Russia is ready to restore economic co-operation and other ties with Turkey, President Vladimir Putin has announced in St. Petersburg.

It is also President Erdogan’s first foreign visit since an attempted coup last month.

Recep Tayyip Erdogan thanked Vladimir Putin, saying “your call straight after the coup attempt was very welcome”.

Russian-Turkish relations soured last November when Turkey shot down a Russian bomber on the Syrian border.

Recep Tayyip Erdogan’s visit comes as Turkey’s ties with the West have cooled over criticism of the purge of alleged coup-plotters.

Before leaving Turkey, Recep Tayyip Erdogan referred to Vladimir Putin as his “friend” and said he wanted to open a new page in relations with Russia.

“This visit strikes me as a new milestone in our bilateral relations, starting again from a clean slate,” he told Russia’s Tass news agency.

Photo Wikipedia

Photo Wikipedia

Vladimir Putin said their talks would cover “the whole range of our relations… including restoring economic ties, combating terrorism”.

After Turkey shot down the Su-24 jet Russia imposed trade sanctions and suspended Russian package tours to Turkey.

In June, the Kremlin said Recep Tayyip Erdogan had apologized for the downing of the jet and had sent a message expressing “sympathy and deep condolences” to the family of the dead pilot.

Then, after the July 15 coup attempt in Turkey, Vladimir Putin expressed support for Recep Tayyip Erdogan. He did not criticize President Erdogan’s crackdown on political opponents and purge of alleged “plotters” in state institutions.

Turkey’s ties with its NATO allies – especially the US – have been strained by disagreements over the Syrian civil war. Turkey’s priority is to weaken the Kurdish separatist forces, while the US is focusing on destroying ISIS.

Recep Tayyip Erdogan was angered by criticism from the EU and the US of the mass detentions of suspected plotters. He demanded that the US extradite cleric Fethullah Gulen, whom he accuses of organizing the coup. But the United States says Turkey must provide solid evidence before such a move can be considered.

Turkey’s Justice Minister, Bekir Bozdag, says more than 26,000 people have been detained after the attempted coup.

They back opposing sides in Syria. Turkey is furious at the scale of Russian air support for Syrian government forces, as Recep Tayyip Erdogan reviles Syrian President Bashar al-Assad.

Russia has accused Turkey of backing Islamist anti-Assad groups, including some accused of “terrorism” in Russia.

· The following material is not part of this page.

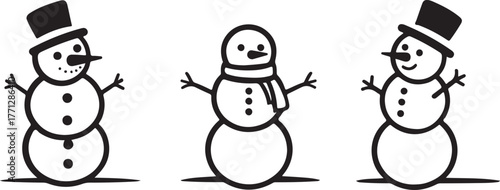 Three cheerful cartoon snowmen in top hats and scarves with carrot noses and stick arms vector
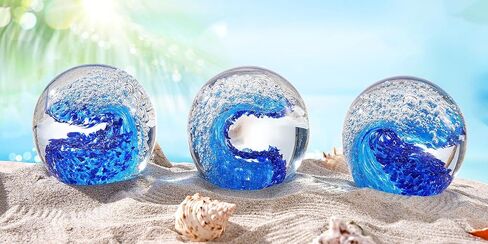 EUSTUMA Hand Blown Glass Ocean Waves Sculpture, Paperweight, Home Decor, Aquarium Decor, Art Deco in Saudi Arabia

Turkey is at war with the Kurdistan Workers’ Party (PKK) and the PKK’s Syrian allies. Recep Tayyip Erdogan has accused Russia of arming the PKK.

For centuries Russia and Turkey have been rivals for influence in the Caucasus and Black Sea region.


Turkey was also angered by Russia’s annexation of Crimea in 2014, accusing Moscow of violating the rights of Crimean Tatars. The Muslim Tatars have long had close ties to Turkey.